El nombre de Jan Tinbergen, galardonado con el Premio Nobel de Economía en el año 1969, está asociado al diseño óptimo de la política económica. Una de sus aportaciones teóricas más conocidas gira en torno a la denominada “regla de Tinbergen”: idealmente, debemos disponer de al menos un instrumento para abordar cada objetivo de política económica. Parece una recomendación bastante razonable.
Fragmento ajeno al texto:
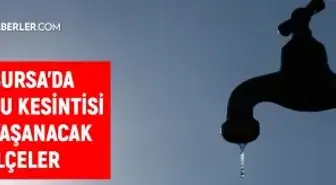 Bursa BUSKİ su kesintisi! 29-30 Aralık Bursa'da su kesintisi ne zaman bitecek, sular ne zaman gelecek?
Si utilizamos un mismo instrumento para tratar de alcanzar dos objetivos distintos, especialmente si no son compatibles entre sí, puede que no consigamos ni uno ni otro.
Hace años, un amigo, responsable de recursos humanos de una empresa, me pidió que le diese mi opinión acerca de un sistema de incentivos para la red comercial de su compañía, cuya misión era procurar que se alcanzaran las mayores cotas de negocio y beneficio. Sin embargo, a la hora de fijar las cuantías económicas a percibir por cada agente cumplidor de objetivos se introducía un mecanismo corrector encaminado a mejorar la equidad retributiva en la empresa. Así, un mismo instrumento se utilizaba para dos finalidades distintas, la generación de negocio y de resultados, y el acortamiento de las diferencias retributivas. Mi reflexión consistió en plantear simplemente la aplicación de una réplica de la regla de Tinbergen, es decir, utilizar medidas distintas para cada uno de los objetivos mencionados.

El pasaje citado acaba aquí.